For the deeper trade-offs between Claude Code, Codex CLI, and the broader AI coding model landscape, see Claude Code vs Codex CLI and the best AI model for vibe coding in 2026. The model picking principles in those guides apply here too.
The Hermes Dashboard: Kanban, /goal, and Multi-Agent Profiles
Once you have the basics running, the dashboard is where Hermes pulls ahead of OpenClaw the most clearly. Run hermes dashboard and the CLI prints a local URL. Open it in a browser. You will land on a single-pane interface with five sections worth knowing.
The Kanban Board
The Kanban board is the multi-task workflow Hermes was missing for the first six months and has now nailed. The default columns are Triage, Ready, In Progress, and Done. The pattern that compounds: every morning you dump your to-do list into Triage with one-line task names, and a librarian sub-agent picks them up, looks through your memories and your Obsidian vault, fills in the context, and moves the task to Ready. You then assign each Ready task to a worker agent, and Hermes drives it from In Progress to Done while you do other work.
The setup prompt that turns this into an automated workflow (the version that users running Hermes daily have converged on):
Create a cron job that checks the Kanban board every 10 minutes for tasks in Triage. For each task, look through all my memories and fill in the details so the task is fully scoped. Move it to Ready. Then check Ready for any tasks I have assigned to an agent. If I have, take care of the task end to end and report back in the comments.
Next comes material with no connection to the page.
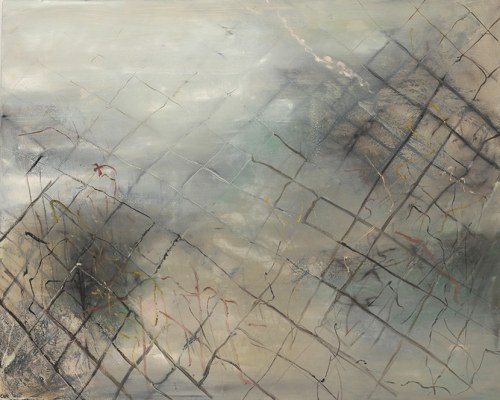 Element Krajobrazu, 2017, Katarzyna Cur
Run that prompt once inside Hermes and your board becomes a real multi-agent dispatch system. The trick that matters: do not run the librarian on your main agent. Spin up a second profile (a common naming convention is "the librarian" or "the manager"), assign it a cheap model, and have it manage the board. Otherwise the orchestration cron job blocks your main worker from doing the actual work.
/goal: Long-Running Missions
/goal is the most underrated feature shipped by any agent platform this year. Inside the Hermes CLI, type /goal followed by a high-level mission and Hermes treats it as a multi-step, possibly multi-day objective rather than a single prompt. Some users have run /goal sessions that lasted three days and produced finished work without further input.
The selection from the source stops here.